- **Source data**:

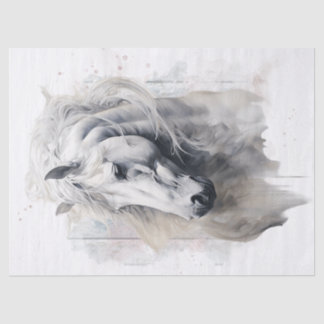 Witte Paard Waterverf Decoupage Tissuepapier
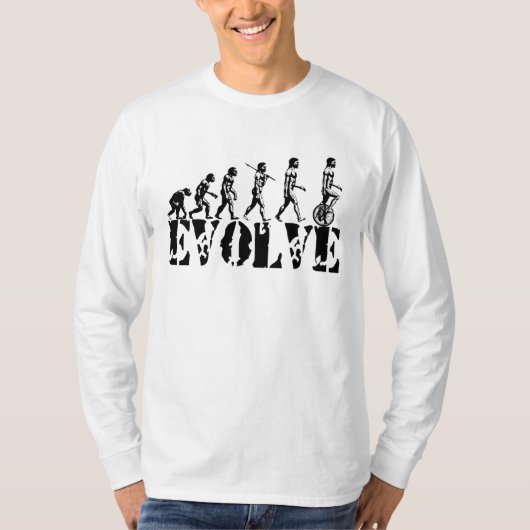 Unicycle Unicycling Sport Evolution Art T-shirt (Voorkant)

---

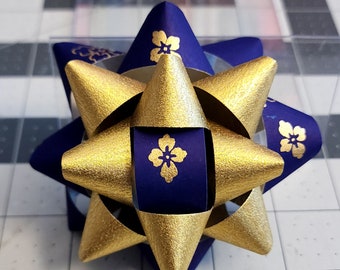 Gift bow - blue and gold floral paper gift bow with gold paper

- **Directions for this task**: Print the part of the listing above that opens with the line containing "Witte Paard Waterverf Decoupage Tissuepapier" and closes with the line containing "Unicycle Unicycling Sport". Copy it exactly, both ends included, and omit the pictures.

- **Written solution**:
 Witte Paard Waterverf Decoupage Tissuepapier
 Unicycle Unicycling Sport Evolution Art T-shirt (Voorkant)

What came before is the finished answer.